A personal history of random data analysis

At the International Modal Analysis Conference IMAC XXIII in Orlando, FL, I gave an invited talk on February 1, 2005 where I spoke about some of my work in the field of random data analysis over the past 50 years. Prof. Al Wicks from Virginia Polytechnic Institute, the Conference Chairman, attended this session and asked me to write a paper to benefit people in the field. Prof. Rune Brincker from Aalborg University in Denmark, the Chairman of the first IOMAC International Operational Modal Analysis Conference, to be held in Copenhagen on April 26-27, 2005, was also present.
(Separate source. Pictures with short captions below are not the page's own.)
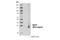 BCL2 Interacting Protein 3 antibody, 44060S, Cell Signaling Technology, Western Blot image 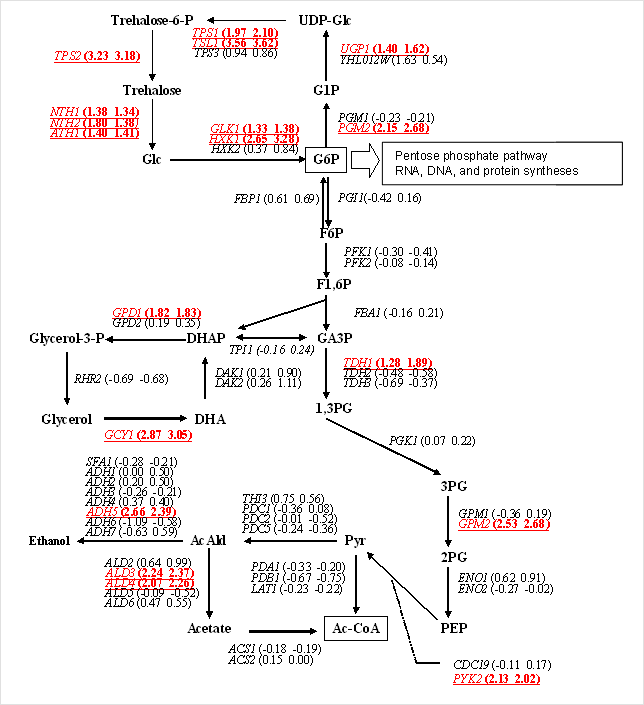 Enzymatic genes involved in the glucose metabolic pathways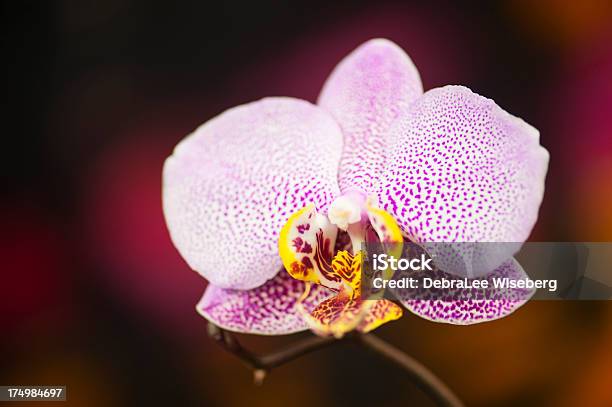 Orquídea Mariposa Moteado Foto de stock y más banco de imágenes de Alta Sociedad - Alta Sociedad, Belleza de la naturaleza, Cabeza de flor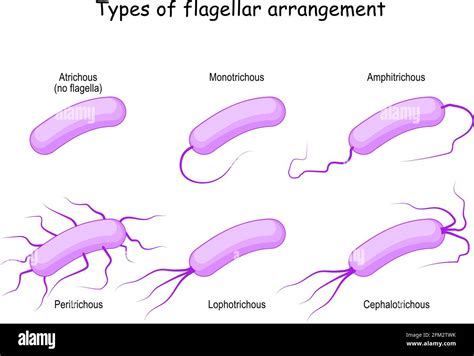 Types of flagellar arrangement for example bacteria: from Atrichous (no flagella) to ...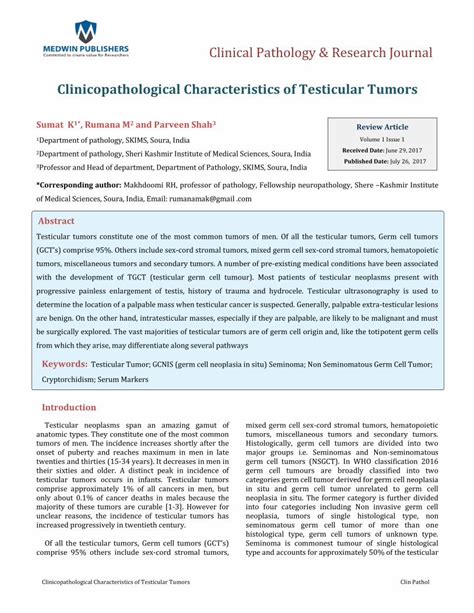 Pdf Clinicopathological Characteristics Of Testicular Tumors · Pdf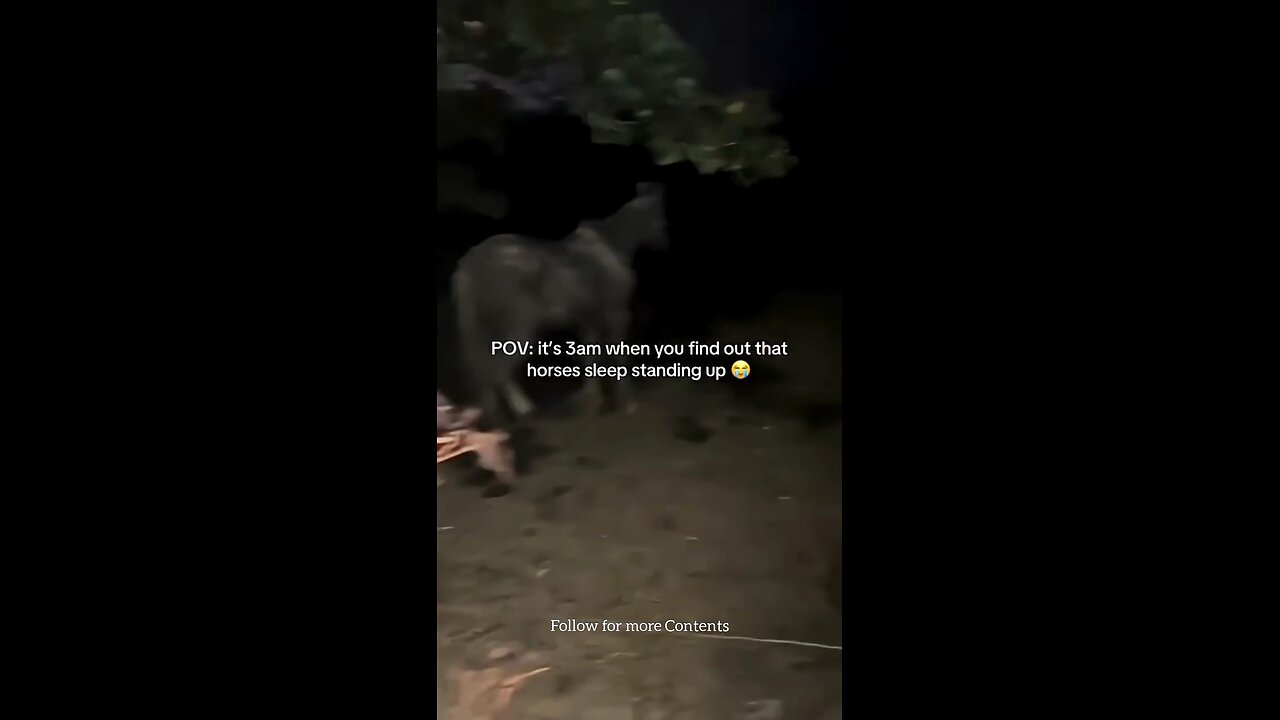 When You Notice that Horses never lay down while Sleeping 😴 #animals #nature #funny #viral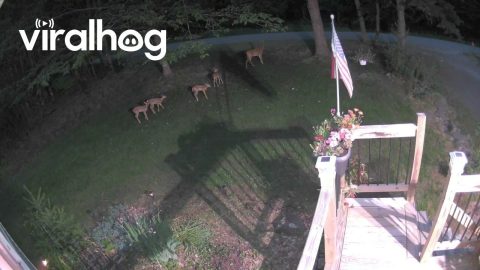 Deer Mother With Quadruplets || ViralHog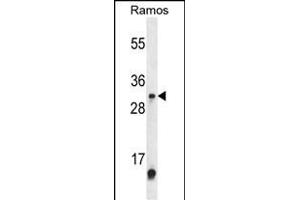 Western blot analysis of METTL1 Antibody (Center) (ABIN653843 and ABIN2843107) in Ramos cell line lysates (35 μg/lane). (METTL1 Antikörper  (AA 147-175))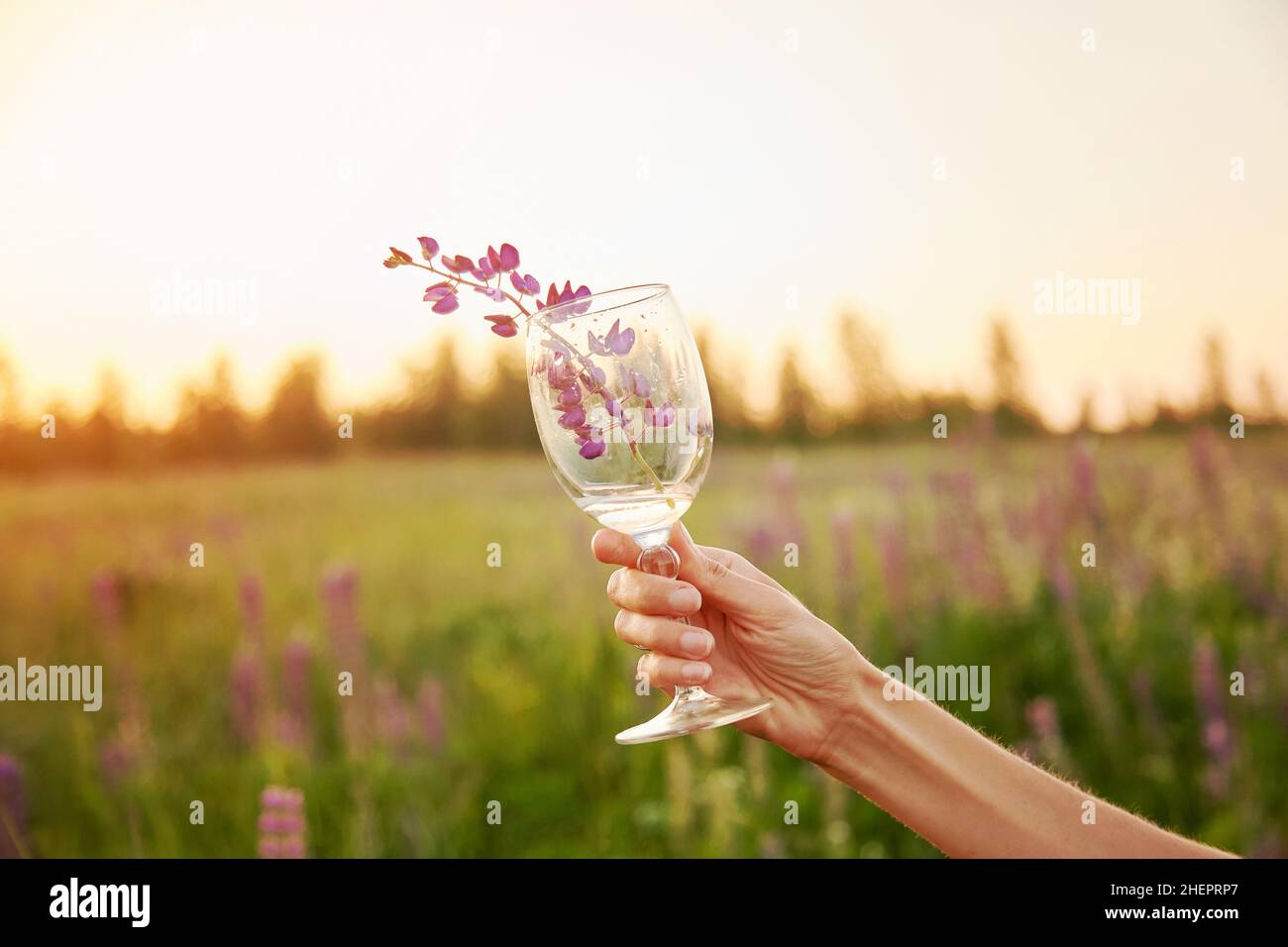 Frau Hand hält ein Glas mit lupinus in der Wiese bei Sonnenuntergang. Wellness und natürliches Konzept. Adaptogenes ayuverdic Drink-Konzept. Bewusster Konsum. Stockfoto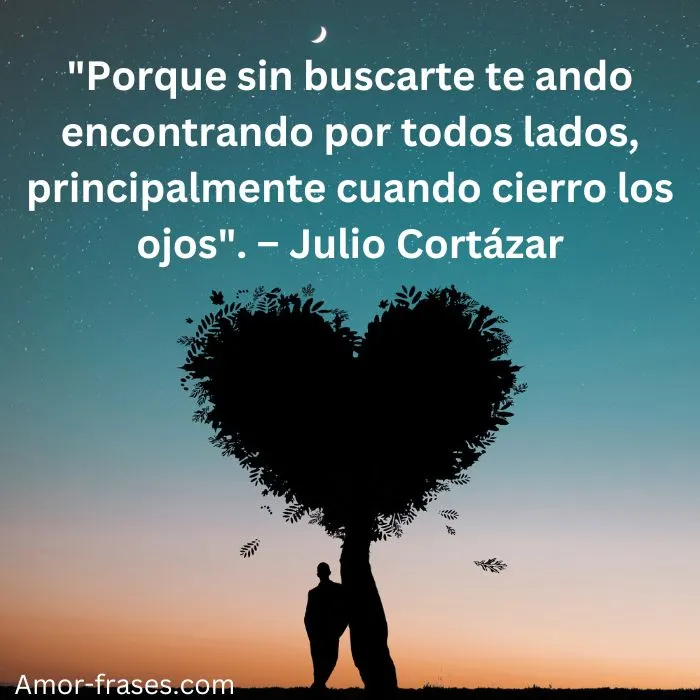 frases de amor con imagenes fotos para descargar Frases bonitas de amor fotos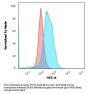 Anti-CD86 (Dendritic Cells Maturation Marker) Monoclonal Antibody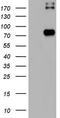 Gp110 antibody, TA802981, Origene, Western Blot image 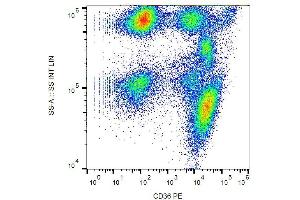 Surface staining of human peripheral blood with anti-CD36 (TR9) PE. (CD36 antibody  (PE))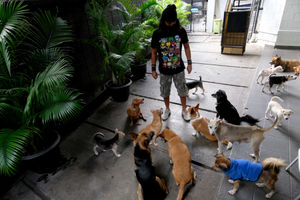 <p>Penjaga hewan peliharaan bersama anjing bermain di Animal Clinic Jakarta, Senin, 28 September 2020. Puluhan anjing yang dipelihara di klinik ini merupakan anjing hasil rescue dari jalanan, yang kemudian dirawat dan dilakukan sterilisasi dan pemberian vaksin rabies. Rabies, suatu penyakit zoonosis, yakni ditularkan oleh hewan ke manusia, masih menjadi masalah di Indonesia. Berdasarkan Masterplan Nasional Pemberantasan Rabies di Indonesia terbitan 2019, 26 dari 34 provinsi di Indonesia masih menjadi wilayah endemis rabies. Karena itu, rabies menjadi salah satu penyakit prioritas nasional untuk ditangani. Anjing peliharaan merupakan sumber virus paling umum. Lebih dari 99 persen kematian manusia disebabkan oleh rabies yang ditularkan oleh anjing yang terinfeksi atau dikenal sebagai anjing gila. Saat ini, telah ada vaksin hewan dan manusia yang aman dan berkhasiat untuk mencegah kematian manusia akibat rabies. Tinggal kesadaran pemerintah dan masyarakat luas untuk menyediakan dan memaksimalkan sarana itu bagi keselamatan manusia secara menyeluruh. Foto: Ismail Pohan/TrenAsia</p>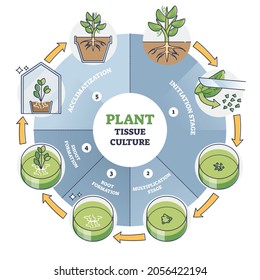 Plant tissue culture process stages with cells growth steps outline diagram. Labeled educational technique explanation with initiation, multiplication and acclimatization for micropropagation method.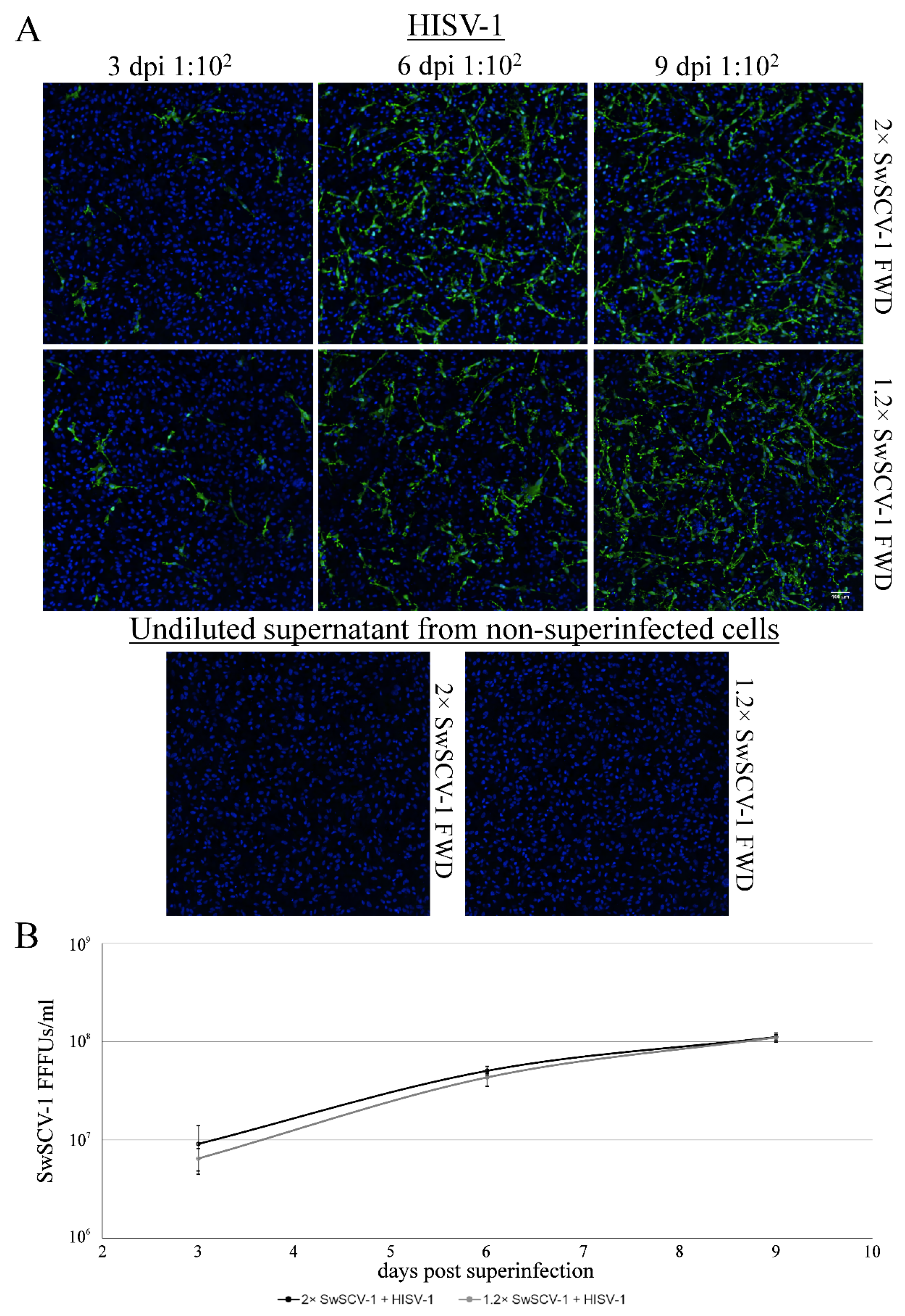 Viruses 14 00107 g005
He invited me to write an introductory paper for the IOMAC Proceedings where I might use a historical perspective. This article was my response to Al Wicks and Rune Brincker. The IOMAC organizing committee also asked me to give the “Lecture of Honor” at the IOMAC conference dinner in Copenhagen on April 26, 2005. I greatly appreciated this special recognition for the contributions I was able to make with the help of people mentioned in this article. In particular, I want to acknowledge the close association with Allan Piersol, a mechanical engineer whom I met in 1960 when we did some pioneering research work for the Flight Dynamics Laboratory at WrightPatterson Air Force Base in Dayton, OH. Allan is the coauthor with me of six textbooks on Random Data Analysis and Engineering Applications, that were published by Wiley, New York, from 1966 to 2000. I also want to thank Paul Palo, an ocean engineer, who sponsored 10 years of research work from 1985 to 1995 that I did for the U. S. Naval Civil Engineering Laboratory and the Office of Naval Research. This work developed new practical ways to identify and analyze nonlinear system dynamic properties, and to two books on Nonlinear System Techniques and Applications published in 1990 and 1998.